**Caption-style text data:**
......

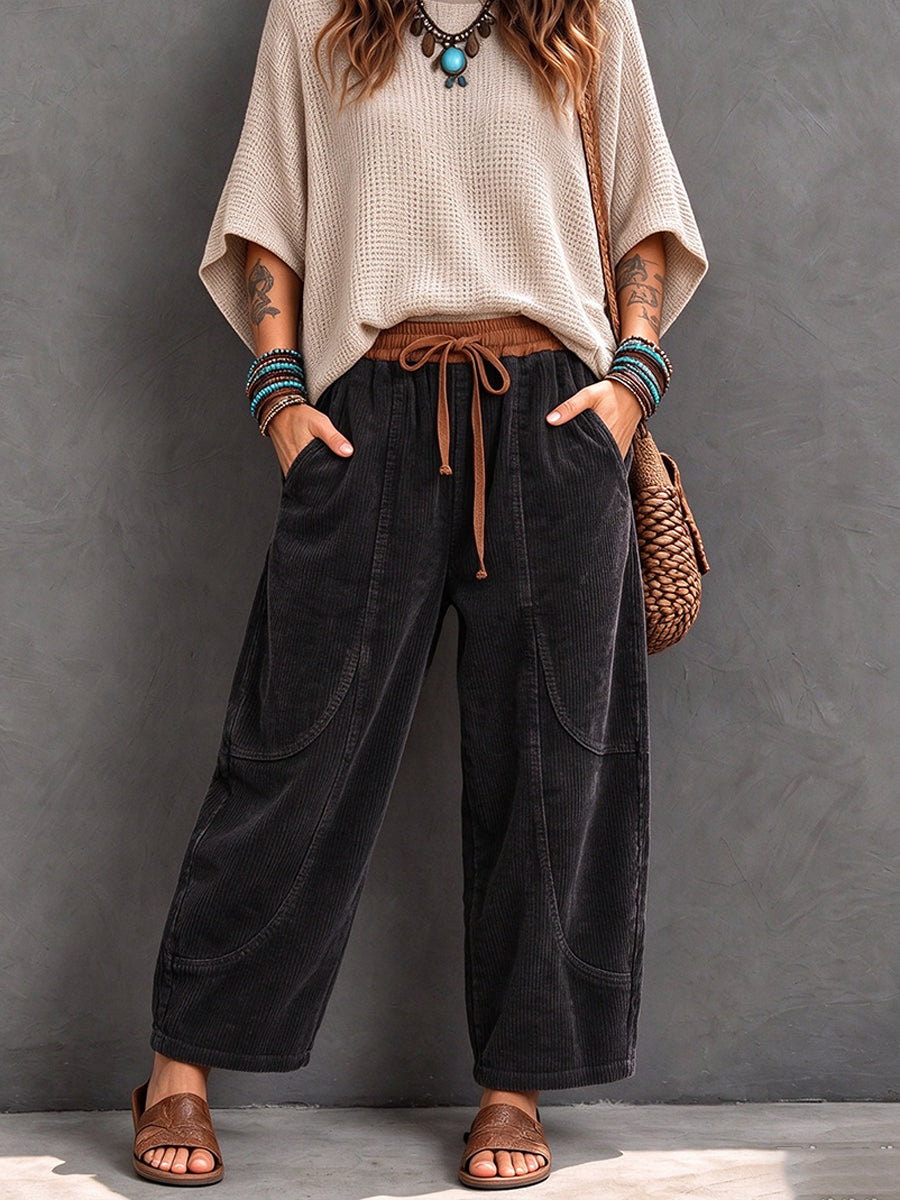 💝💝Casual Corduroy Harem Pants With Elastic Waist
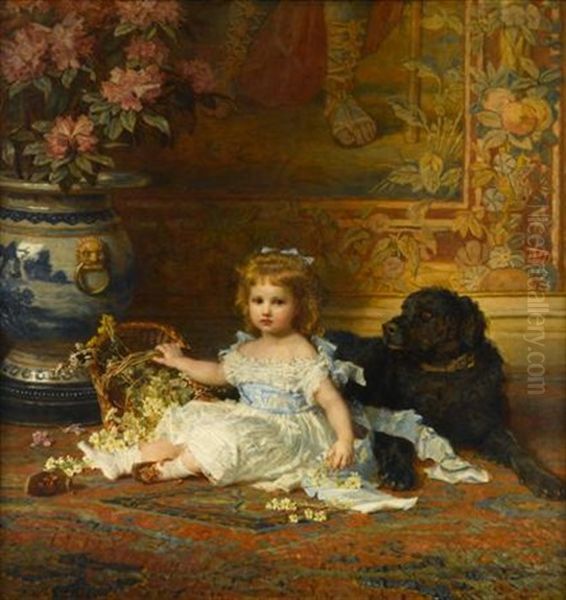 Portrait Of Young Girl With A Basket Of Flowers And Her Dog Oil Painting by Carl Wilhelm Friedrich Bauerle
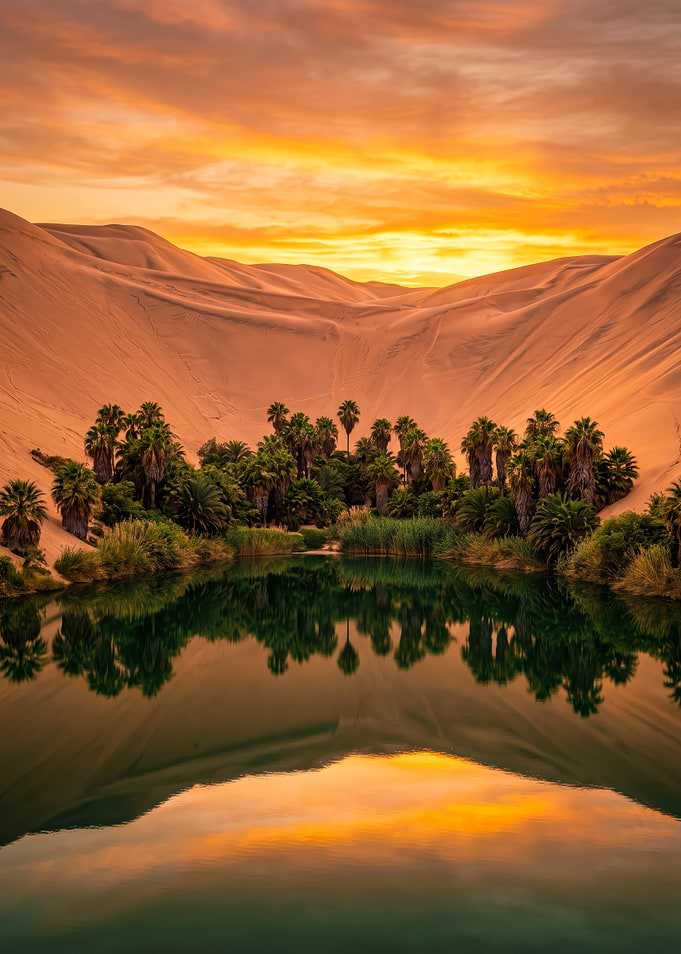 Huacachina Oasis at Sunset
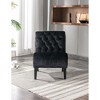 Velvet Armless Accent Chair with Button Tufted Upholstery, Foam Cushion and Solid Wood Legs for Living Room - 2 of 4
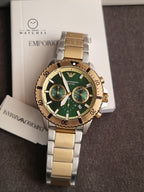 Emporio Armani Men’s Quartz Two-tone Stainless Steel Green Dial 43mm Watch AR11586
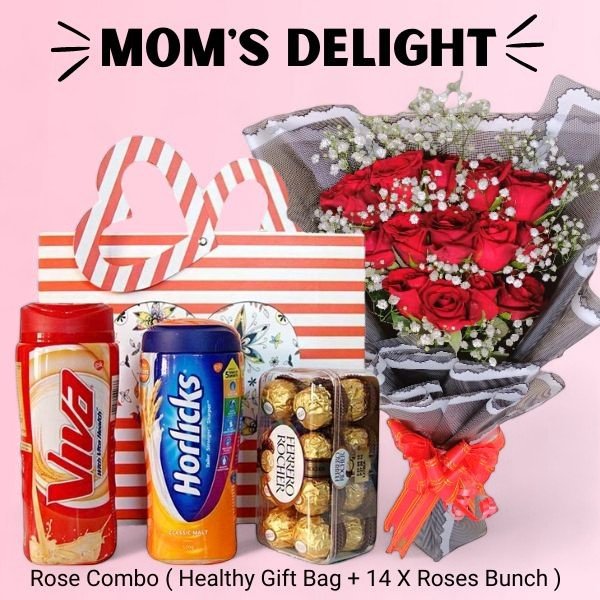 Mom's Delight Combo ( Healthy Gift Bag and 14 Roses Bunch ) - Flowers to Nepal - FTN
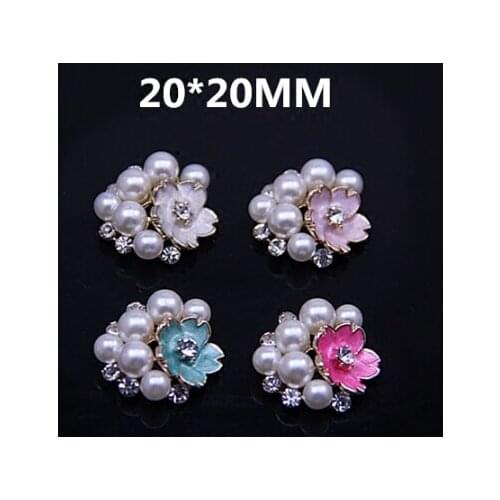 Free shipping 30pcs mix Rhinestone/Pearls decoration Alloy drop oil gold-color metal flowers diy phone shell/hair accessories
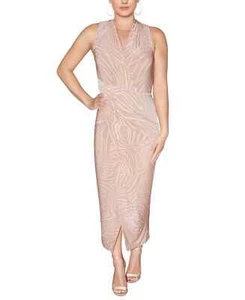 RACHEL Rachel Roy Women's Tan Zebra Sleeveless Striped Midi Dress - XS - Tan - Picture 1 of 2
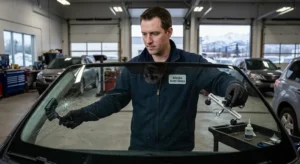 Windshield repair technician inspecting cracked auto glass inside Anchorage repair shop during windshield repair vs replacement service in Alaska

......

**HOW TO COMPLETE THIS TASK:** The reply should hold every entry above, given again exactly, but not a single picture.

**SOLUTION TO THE EXERCISE:**
 💝💝Casual Corduroy Harem Pants With Elastic Waist
 Portrait Of Young Girl With A Basket Of Flowers And Her Dog Oil Painting by Carl Wilhelm Friedrich Bauerle
 Huacachina Oasis at Sunset
 Velvet Armless Accent Chair with Button Tufted Upholstery, Foam Cushion and Solid Wood Legs for Living Room - 2 of 4
 Emporio Armani Men’s Quartz Two-tone Stainless Steel Green Dial 43mm Watch AR11586
 Mom's Delight Combo ( Healthy Gift Bag and 14 Roses Bunch ) - Flowers to Nepal - FTN
 Free shipping 30pcs mix Rhinestone/Pearls decoration Alloy drop oil gold-color metal flowers diy phone shell/hair accessories
 RACHEL Rachel Roy Women's Tan Zebra Sleeveless Striped Midi Dress - XS - Tan - Picture 1 of 2
 Windshield repair technician inspecting cracked auto glass inside Anchorage repair shop during windshield repair vs replacement service in Alaska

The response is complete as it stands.